[[ INPUT MATERIAL open ]]

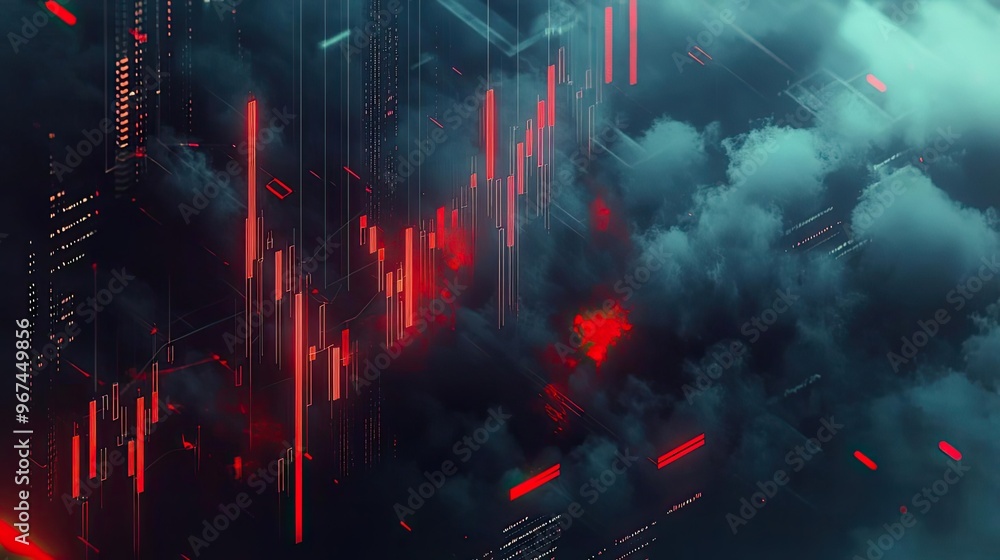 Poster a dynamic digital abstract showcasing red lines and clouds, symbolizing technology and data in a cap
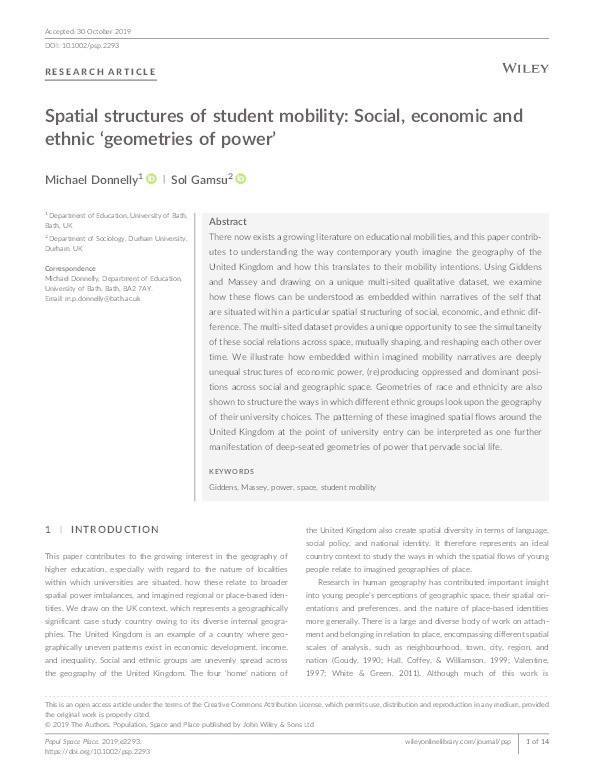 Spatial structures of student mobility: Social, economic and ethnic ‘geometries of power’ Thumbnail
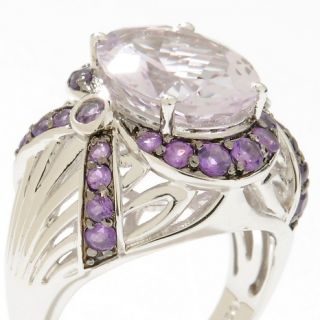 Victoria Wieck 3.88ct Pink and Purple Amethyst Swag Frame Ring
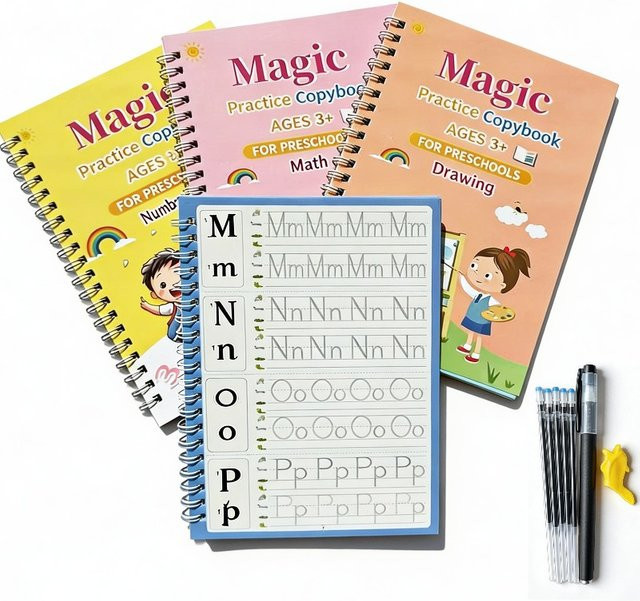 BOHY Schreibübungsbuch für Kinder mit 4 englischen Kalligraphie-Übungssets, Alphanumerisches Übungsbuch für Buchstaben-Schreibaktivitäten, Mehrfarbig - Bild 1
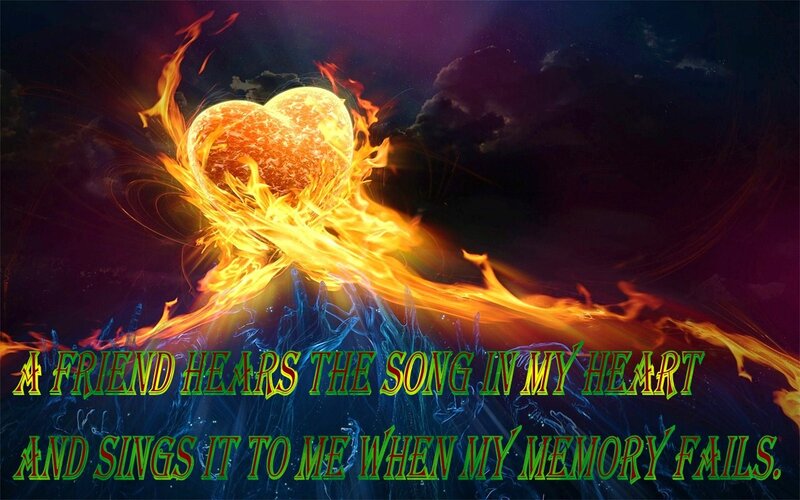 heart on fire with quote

[[ INPUT MATERIAL closed ]]
[[ INPUT MATERIAL open ]]

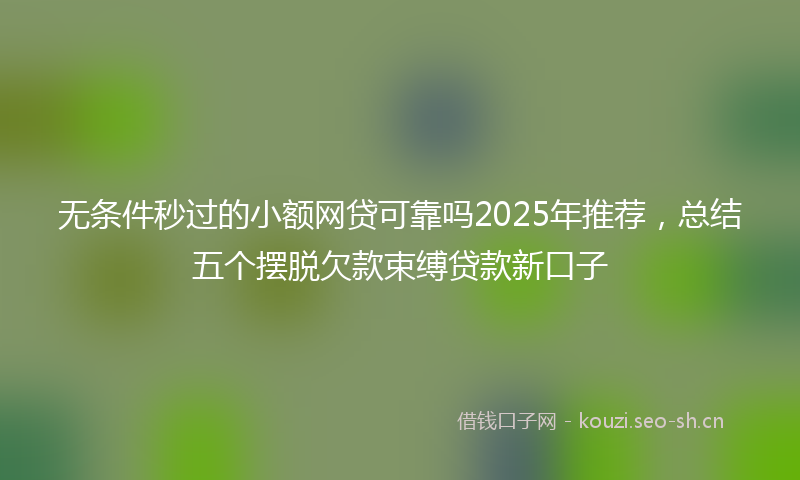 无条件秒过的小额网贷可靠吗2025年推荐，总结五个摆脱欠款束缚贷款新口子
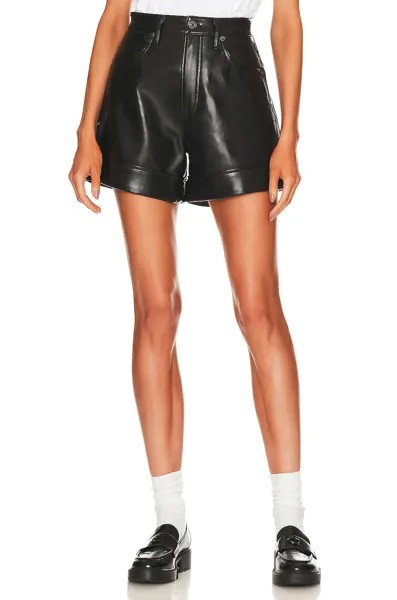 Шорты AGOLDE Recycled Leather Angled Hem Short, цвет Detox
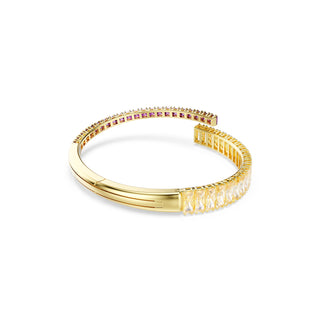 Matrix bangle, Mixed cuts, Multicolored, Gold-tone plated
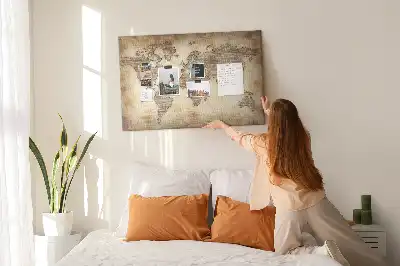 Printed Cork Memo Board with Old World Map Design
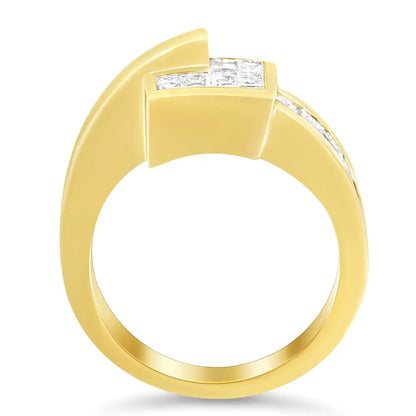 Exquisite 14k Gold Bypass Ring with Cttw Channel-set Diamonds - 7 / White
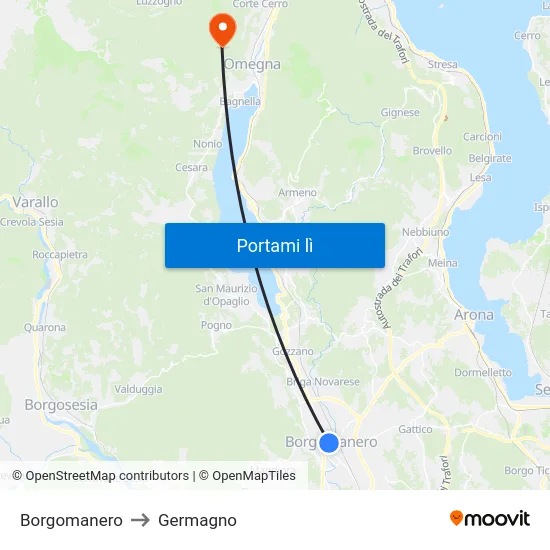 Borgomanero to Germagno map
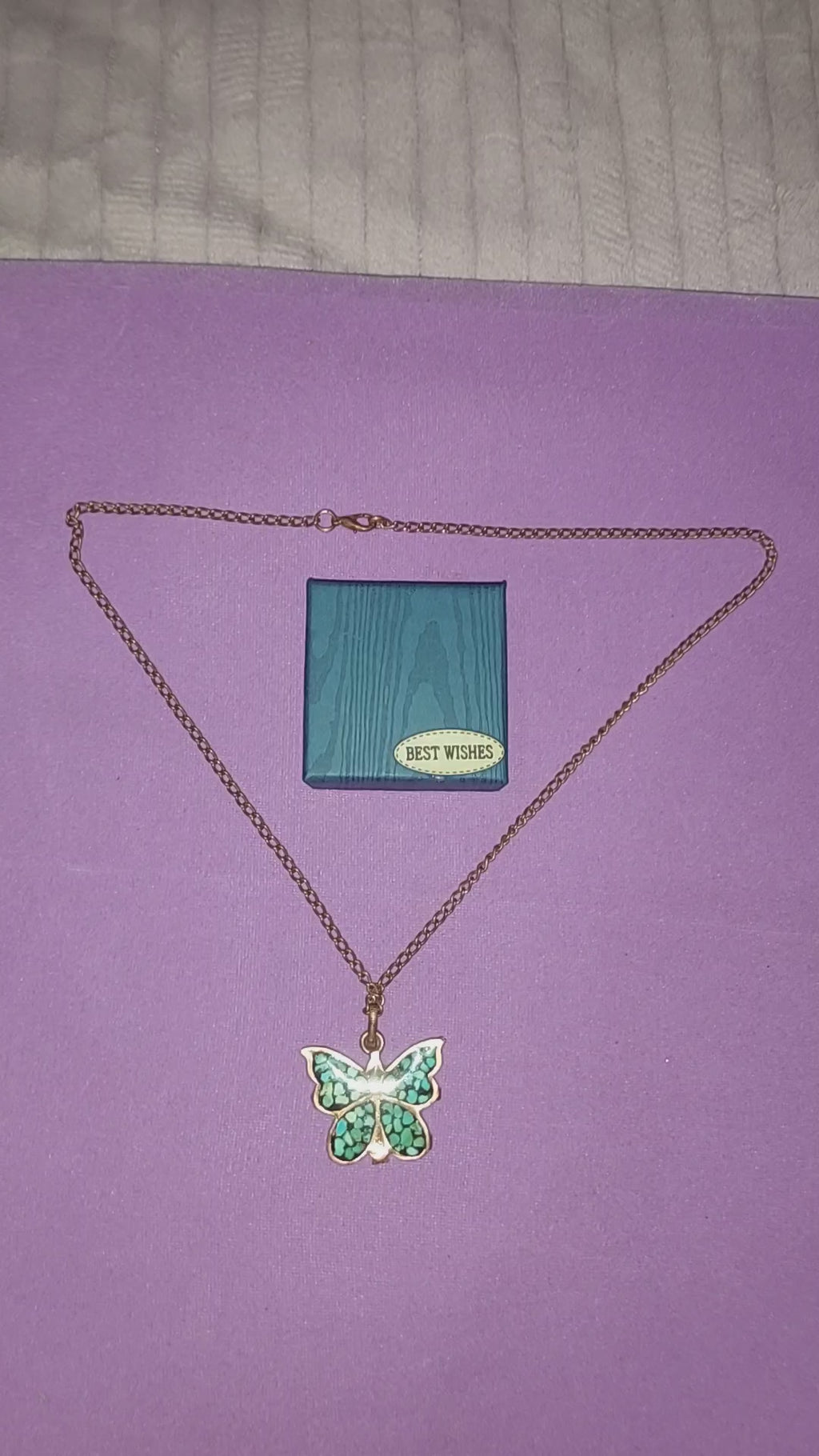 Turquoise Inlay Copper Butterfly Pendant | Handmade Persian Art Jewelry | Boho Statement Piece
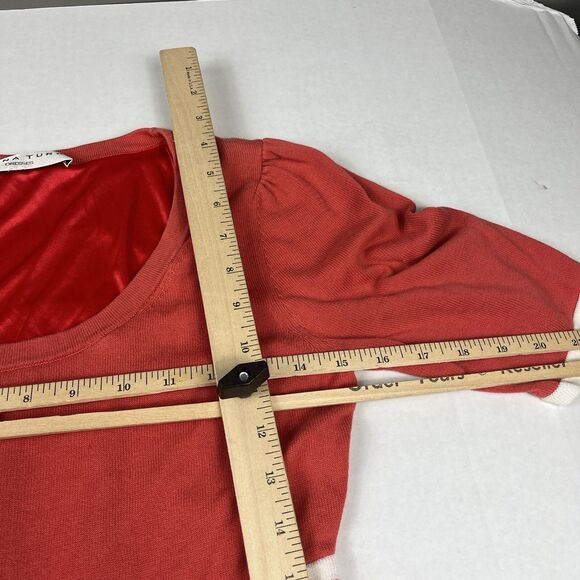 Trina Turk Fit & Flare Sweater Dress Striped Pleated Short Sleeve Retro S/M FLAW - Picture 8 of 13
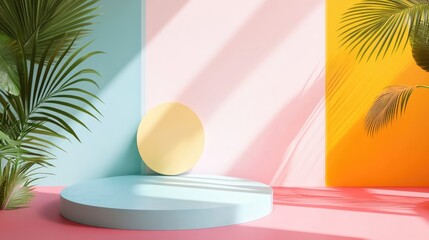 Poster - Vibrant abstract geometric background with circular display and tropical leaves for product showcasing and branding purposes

[[ INPUT MATERIAL closed ]]

● **BRIEF**
Find where the line with "Poster a dynamic" sits in the material above and where the line with "heart on fire with quote" sits. Set down exactly the lines from the first to the second, both included and nothing else, without pictures.

● **RESPONSE FOR THIS EXERCISE**
 Poster a dynamic digital abstract showcasing red lines and clouds, symbolizing technology and data in a cap
 Spatial structures of student mobility: Social, economic and ethnic ‘geometries of power’ Thumbnail
 Victoria Wieck 3.88ct Pink and Purple Amethyst Swag Frame Ring
 BOHY Schreibübungsbuch für Kinder mit 4 englischen Kalligraphie-Übungssets, Alphanumerisches Übungsbuch für Buchstaben-Schreibaktivitäten, Mehrfarbig - Bild 1
 heart on fire with quote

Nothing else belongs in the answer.